Il video sta facendo il giro del web, ovviamente suscitando preoccupazione. Che è successo? Durante un test in laboratorio, il robot antropomorfo Unitree H1 ha deciso di diventare protagonista suo malgrado: ha iniziato a muoversi in modo incontrollato, agitando braccia e gambe come un cugino robotico di C3PO in crisi di nervi e gli operatori hanno rischiato di prendersi una gomitata da una macchina da 50 kg, con lo stesso stupore con cui si guarda un aspirapolvere che improvvisamente decide di scalare il divano.
L’azienda cinese che l’ha progettato (nota per i suoi “cani robot”) ha parlato di un “errore di codifica” nell’algoritmo di bilanciamento, e così è. In pratica un bug nel software che gestisce l’equilibrio. In altre parole il robot non riusciva più a capire dove fosse il pavimento e ha cominciato a menare l’aria come uno a cui è andata di traverso la gravità.
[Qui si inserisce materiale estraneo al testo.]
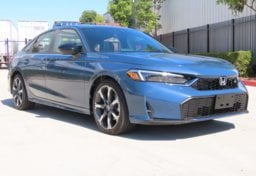 2025 Honda Civic Hybrid Sport Touring - Image 3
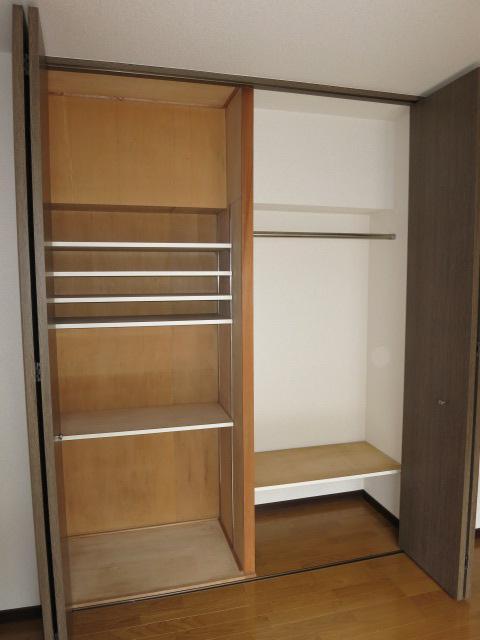 収納　こまごまとしたものを収納できそうですね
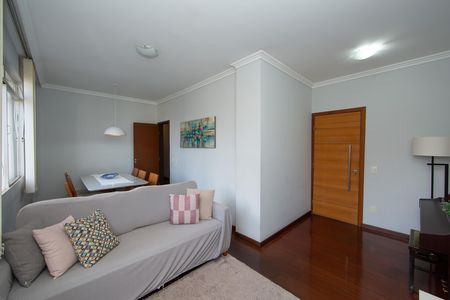 Apartamento à venda com 3 quartos, 68m² em Salgado Filho, Belo Horizonte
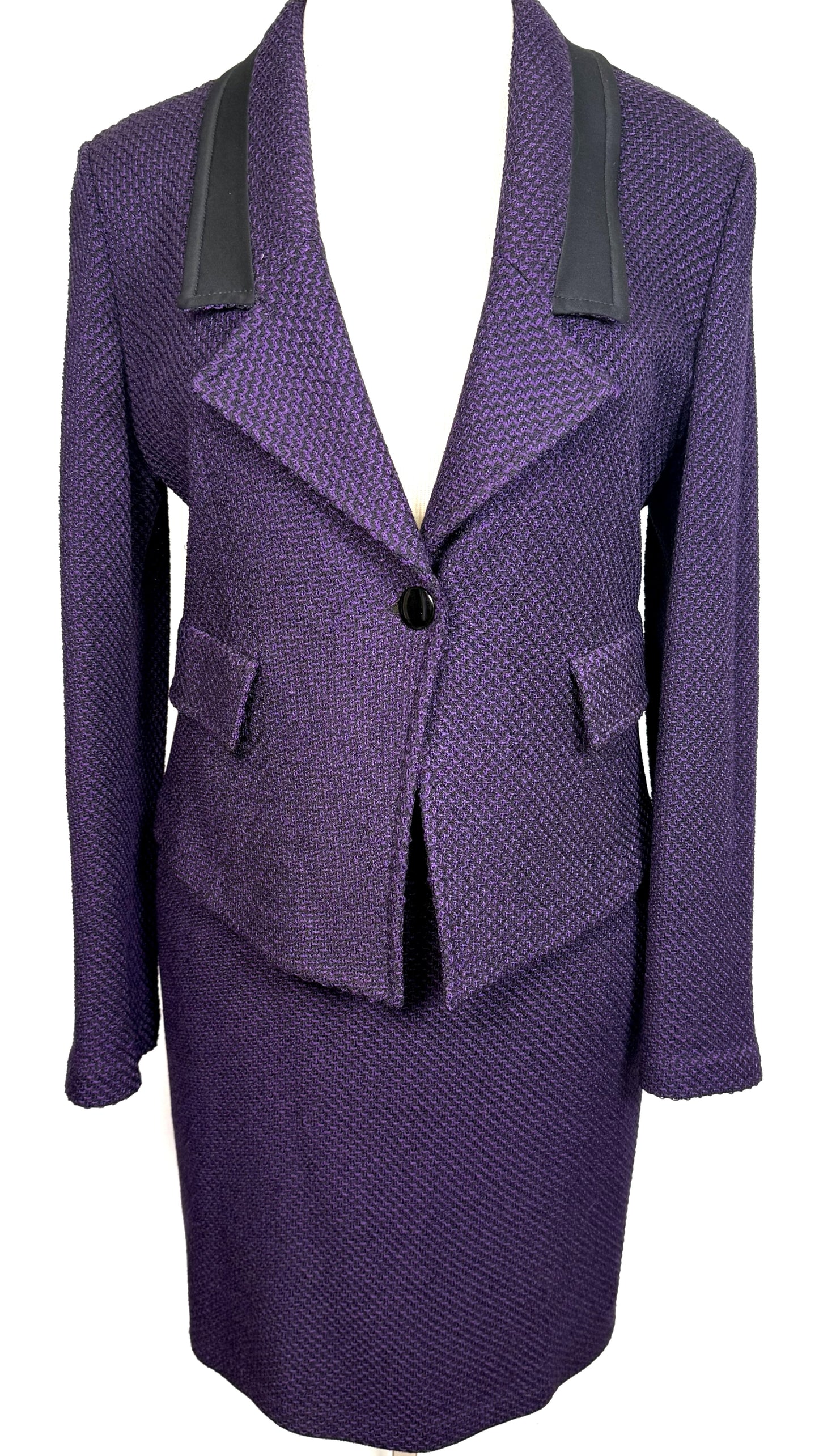 St. John Purple & Black Knit Jacket Skirt Suit – Classic Trim – Size 16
Fa effetto, certo, perché il robot sembra umano, ha le gambe, le braccia, la postura da maratoneta zen, e quando perde il controllo è come vedere un essere umano in tilt con tanto di “effetto Terminator”: basta una scintilla di follia meccanica e subito la fantasia va al giorno del giudizio. Ma questa reazione dice molto più su di noi che sul robot.
Perché in realtà, le macchine impazziscono da sempre (anche le persone, per esattezza). Solo che sono più brutte e meno fotogeniche. Nelle fabbriche, i bracci robotici a volte accelerano all’improvviso, sbattono pezzi, lanciano oggetti, inchiodano con violenza su oggetti (o esseri umani) che non avrebbero dovuto toccare. Ci sono incidenti documentati di bracci automatizzati che si sono confusi tra un telaio e un operaio. Le automazioni nei magazzini Amazon hanno causato urti, collisioni, impilamenti creativi degni di Jenga e in Giappone un sistema robotico per impacchettare bentō ha iniziato a lanciare vaschette come se avesse scoperto la libertà d’espressione.
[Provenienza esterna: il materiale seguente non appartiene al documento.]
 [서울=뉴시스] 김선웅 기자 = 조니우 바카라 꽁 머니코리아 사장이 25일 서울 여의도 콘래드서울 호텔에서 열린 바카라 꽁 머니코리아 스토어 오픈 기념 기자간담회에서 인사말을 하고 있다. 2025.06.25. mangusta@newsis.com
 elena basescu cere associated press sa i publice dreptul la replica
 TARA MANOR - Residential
Solo che in quei casi nessuno se ne accorge, non ci preoccupa, non fa notizia. Per la stessa ragione per cui costruiamo robot umanoidi (perché il nostro cervello empatizzi con la macchina) così ci fa impressione se un robot umanoide va fuori di testa. Un braccio robotico che sbatte è un errore tecnico, un robot con due gambe e due occhi che impazzisce è una minaccia esistenziale. La macchina ci fa paura solo quando ci assomiglia. Se inciampa, ci sembra ubriaca, se si gira all’improvviso, ci pare che ci guardi (male? Bene? Che intenzioni ha?).
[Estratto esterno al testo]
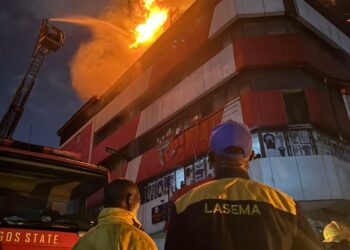 Fire Guts 22-Storey Building In Lagos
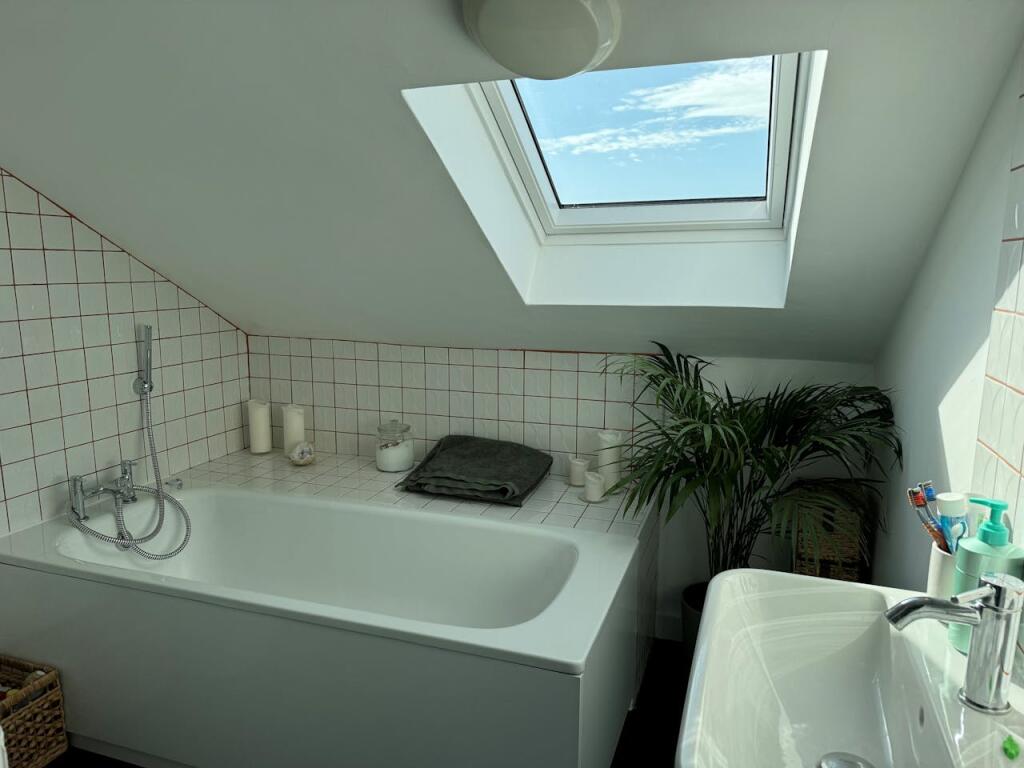 Additional property image - The Old Racecourse, Lewes, BN7 1UR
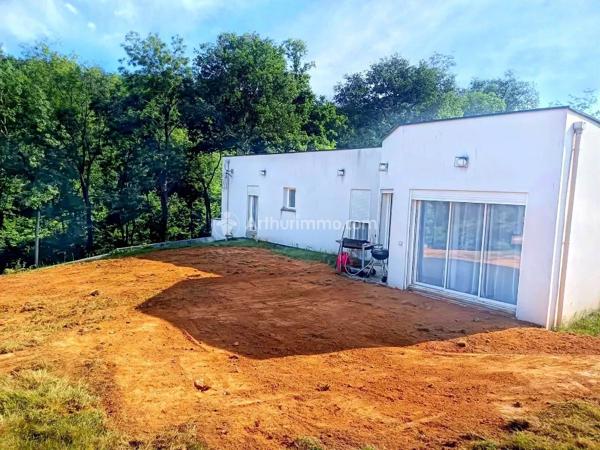 Vente                                                      Maison de village
                        
                     5 pièces                      121 m2                     à Castres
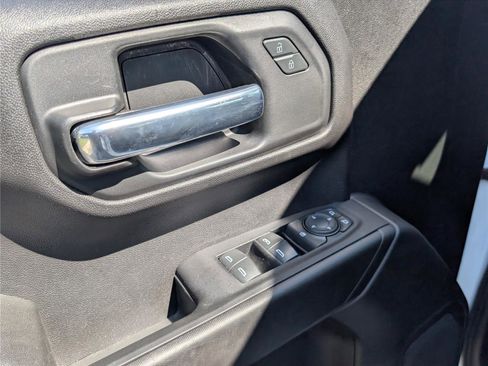 Used 2022 Chevrolet Silverado 1500 Custom AWD/4WD image 19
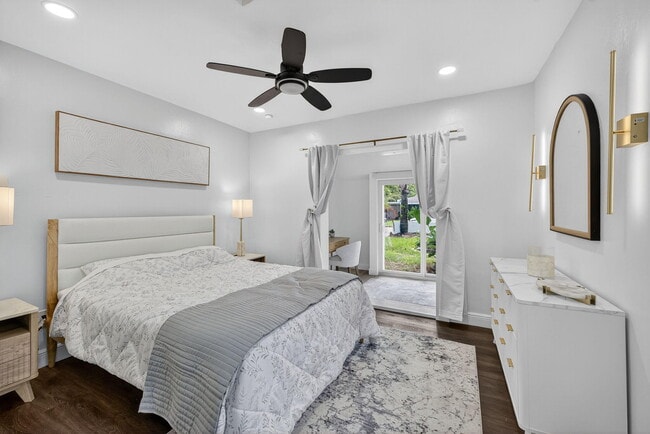 Building Photo - 1317 NE 1st Ave.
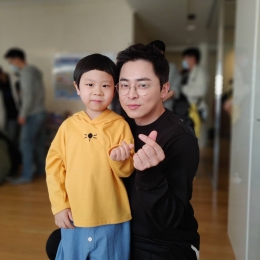 Pemeran drama Hospital Playlist Uju dan Lee Ik Jun, ayah dan anak yang kompak. (Instagram Kim Jun @k_im_yul_jun)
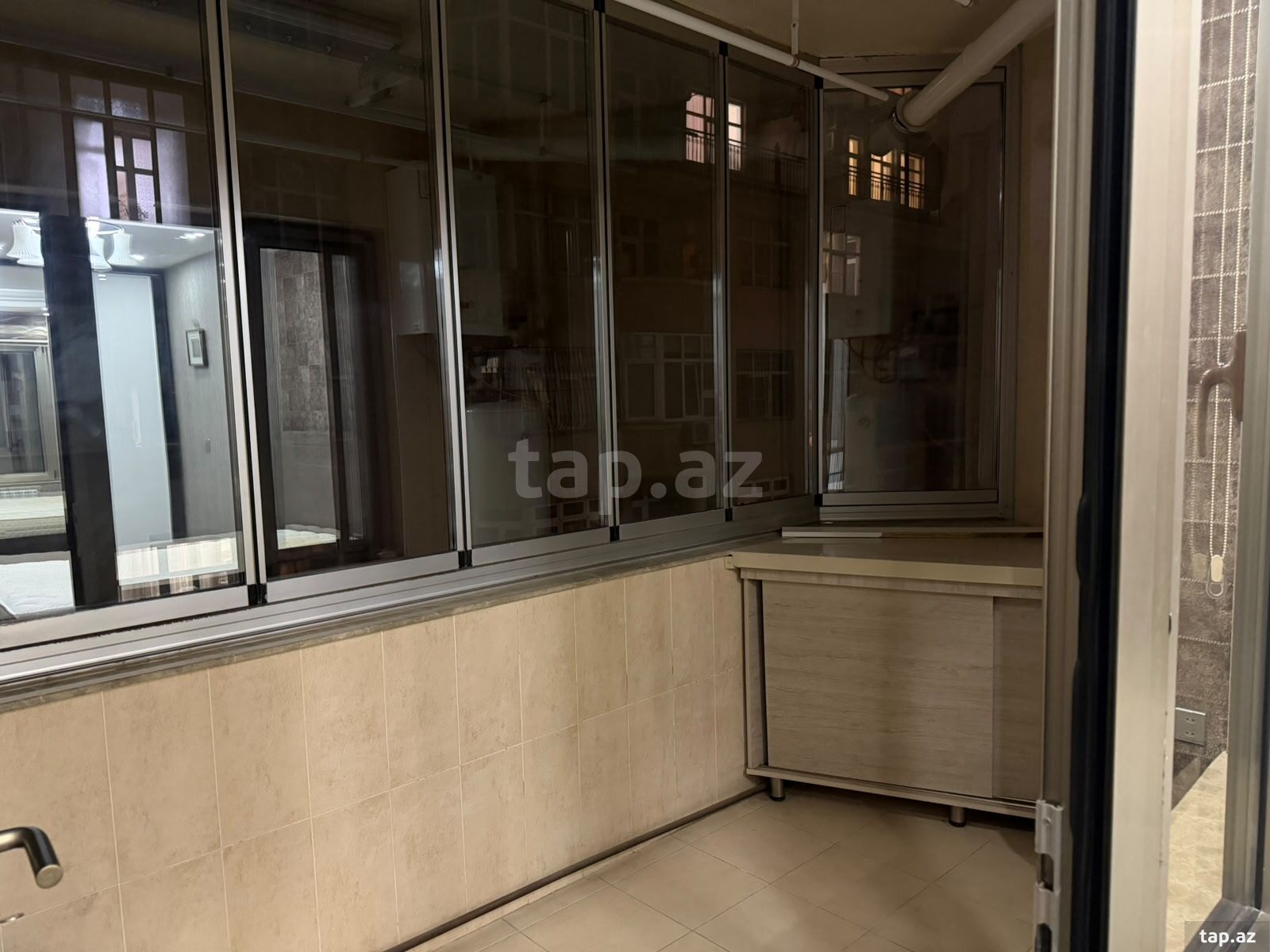 2-otaqlı yeni tikili kirayə verilir, 8 Noyabr m., 61 m² (8)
Il problema non è l’algoritmo sbagliato, il problema è che siamo noi a voler costruire robot che ci imitano e poi ci spaventiamo quando lo fanno male. Come se ci desse fastidio vederli fallire in un modo troppo umano. Non è Terminator che ci preoccupa: nella nostra percezione siamo noi, visti da fuori, senza pelle, con le istruzioni sbagliate. Sarah Connor, se ci sei, rispondi pure. Ma per ora niente panico, basta aggiornare il firmware.